If $B(\xi^-)$ has two horizontal asymptotes, say $B\sim  \a_\pm +
\b_\pm /(\xi^-)^{s_1}\ (s_1>0)$, then one finds
$$
e^\vphi \sim {a_\pm (\xi^+) \over (\xi^-)^{s_1+1}} \, ,
             \qquad \hbox{\rm when~} \xi^-\to \pm \infty \, ,   \eqno(10a)
$$
where $a_\pm$ are two different functions characterized by the
behaviour of $B(\xi^-)$ at $\xi^-\sim\pm\infty$.
The case when $B(\xi^-)$ has only one horizontal asymptote, say when
$\xi^-\to -\infty$,  while  for $\xi^-\to\ +\infty$ it behaves like
$ (\xi^-)^{s_2}, s_2>0$, leads to
$$
e^\vphi \sim \cases{
b_+/(\xi^-)^{s_2+1} \, ,\quad &\hbox{$\xi^-\to +\infty \, ,$}\cr
b_-/(\xi^-)^{s_1+1} \, ,      &\hbox{$\xi^-\to -\infty \, .$}\cr}
                                                                \eqno(10b)
$$

Thus we see that both cases satisfy the finite energy requirement. To
simplify further exposition we shall consider the case $s_1=s_2=1$, having
in mind that the other cases can be treated in a completly analogous manner.
This leads us to adopt the following asymptotic behaviour for the field
$\varphi$:
$$
\varphi \sim -2\ln\vert\xi^{-}\vert + C_{\pm} + \cO_1 \, ,
        \qquad \xi^-\to \pm\infty \, ,                          \eqno(11)
$$
where $C_{\pm}=C_{\pm}(\xi^{+})$ are two generally different functions,
independent of $\xi^-$, and $\cO_n$ denotes a term that decreases as
$(\xi^-)^{-n}$ or faster when $\xi^-\to\infty$.

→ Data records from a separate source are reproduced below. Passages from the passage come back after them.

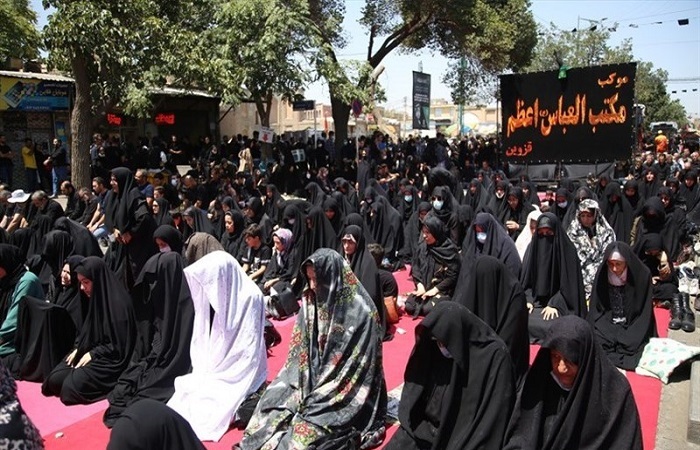 نماز ظهر عاشورا در قزوین اقامه شد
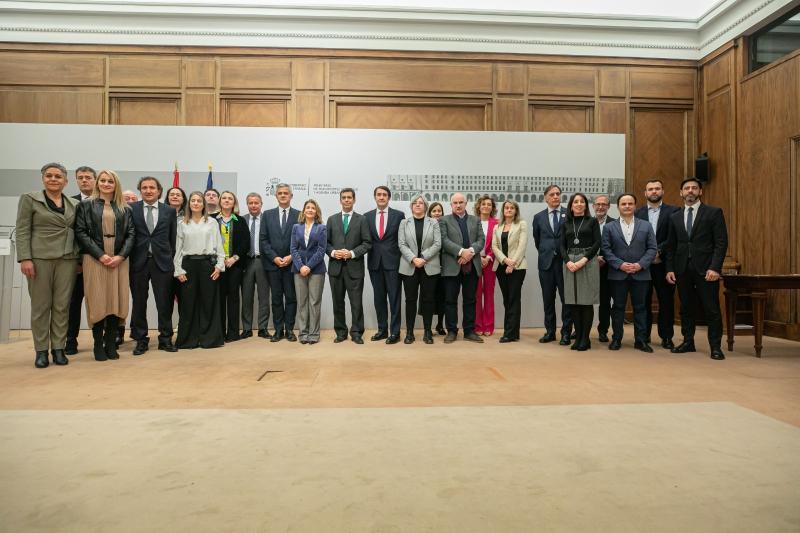 Foto de grupo con los firmantes de los acuerdos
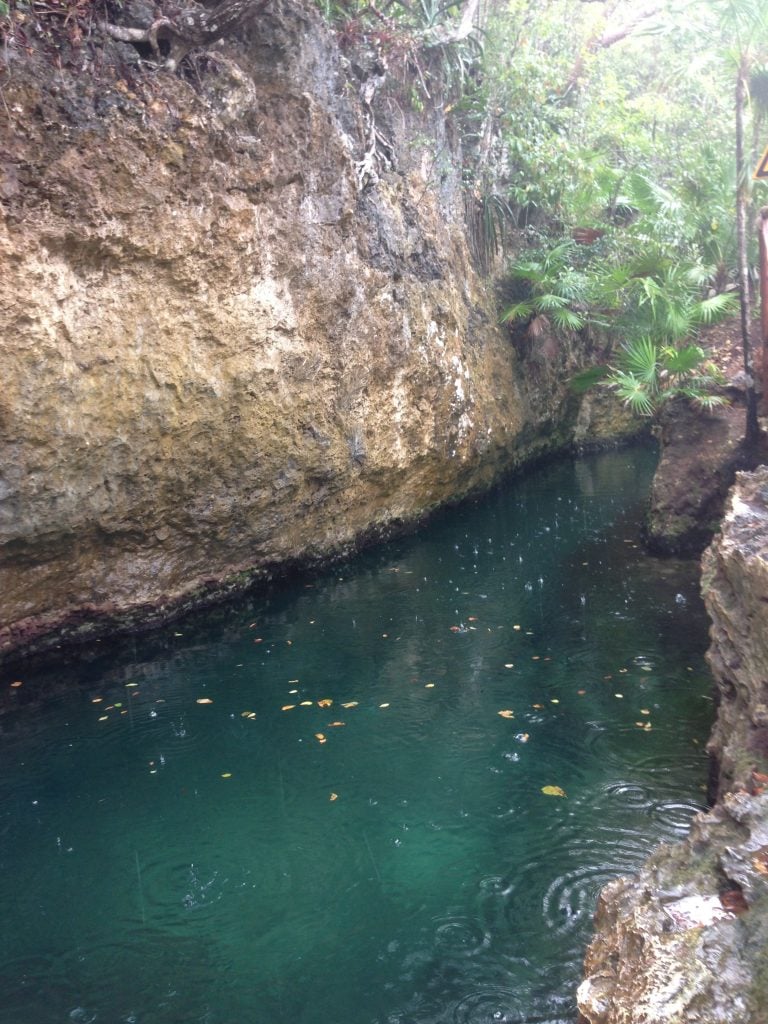 里维埃拉玛雅附近的天然井，从上面看是不能游泳的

To define the asymptotic behaviour of the momentum variable we shall
use the fact that one can demand an arbitrarily fast decrease for those
expressions that vanish on shell, as no solution of the equations of
motion is thereby lost. In accordance with this we define
$$
\pi \sim -{2\over{\xi^{-}}} + \cO_2 \, ,                        \eqno(12)
$$
which ensures the $\cO_2$ behaviour of the constraint $\phi$. It is
now easy to verify that both the Hamiltonian $ H'$ and the constraint
$ \phi_0 $ are well defined, finite quantities.

Let us now check if $\phi_0$ and $ H' $ have well defined functional
derivatives.
A functional $G[q,p]$ has well defined functional derivatives if its
variation can be written as
$$
\d G = \int dx\ [A(x)\d q(x) + B(x)\d p(x) ] \, ,
$$
where $\d q_{,\a}$ and $\d p_{,\a} $ are absent [9].
In general, when the adopted asymptotics does not make surface terms
disappear, this requirement may not be satisfied. For example,
$$
\d\phi_0 = \int d\xi^{-}(\d\pi - \partial_{-}\d\vphi)
         = \int d\xi^{-}\d\pi - \d(C_{+} - C_{-}) \, .
$$
Obviously, $ \phi_0 $ is not a differentiable functional but it can be
improved by adding a suitable surface term. The quantity
$$
\tilde\phi_0 \equiv \phi_0 + C_{+}-C_{-}                          \eqno(13)
$$
has well defined functional derivatives,
$$
{\d\tilde\phi_0 \over \d\varphi(x)} = 0 \, ,\qquad
   {\d\tilde\phi_0 \over \d\pi(x)}  = 1  \, .                      \eqno(14)
$$
Note that its action on local quantities coincides with that of $\phi_0$.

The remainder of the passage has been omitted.